Urban Expansion Impedes Biodiversity Conservation

Often urban expansion occurs concomitantly with economic growth in developing countries, not to mention land use change including the conversion of forest to agricultural land. A new study in Landscape and Urban Planning suggests that expansion of Panama City and Colon, both of which are surrounded by richly biodiverse rainforests, could result in future biodiversity loss.

Increased urbanisation is anticipated in these cities after a planned expansion of the shipping canal, and it is likely that this will result in increased forest loss. This could be exacerbated by the rural population, 61 per cent of whom live below the poverty threshold, and presently have no alternative but to remove standing forest for agriculture and income purposes.

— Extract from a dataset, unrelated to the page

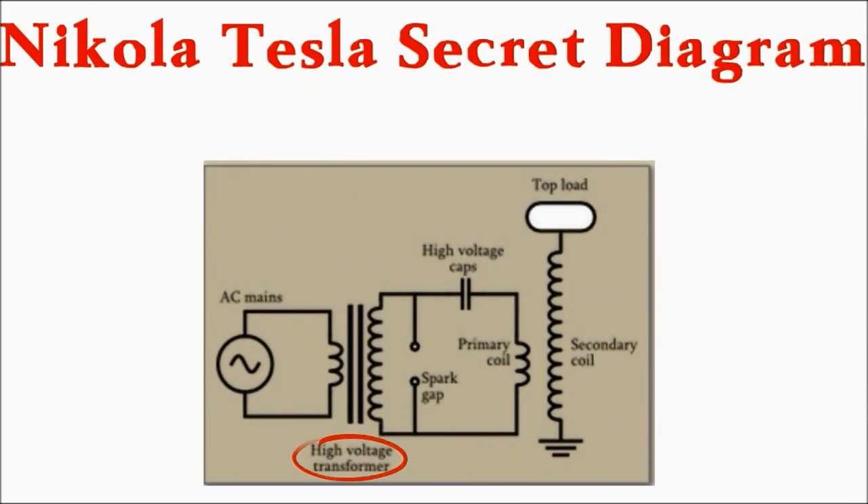The supply voltage is applied at the source transformer — you can see it says AC there — which is the primary of a transformer winding, and then that voltage is stepped up through the transformer, which charges the little capacitor. When the capacitor is fully charged to the extent that it can bridge the spark gap, a little spark jumps across the spark gap and induces a voltage in the secondary coil.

The researchers looked at potential socio-economic and biophysical correlates of biodiversity loss including population density and growth, road density and poverty levels, rainfall, forest age and land use. They found that population wealth was linked to conversion of land to urban areas, i.e. the more wealth the more conversion. The researchers also found that agriculture was expanding into mature forests.

The rainforests offer a wealth of ecosystem services including the provision of clean water, flood and landslide prevention through water capture not to mention the carbon storage and climate regulating influences. However if an ecosystem services approach is not applied to the forests appropriately, it is likely that, as affluence increases in the urban areas, the true value of the forests will be taken for granted. This could result in increased forest clearance for what is perceived as more valuable urban development projects.

The authors suggest that ecotourism and agroforestry could provide alternative less destructive economic opportunities. If alternatives are positively explored it could assist the rural population move above the poverty threshold without destroying the valuable forests which they, and we all depend upon.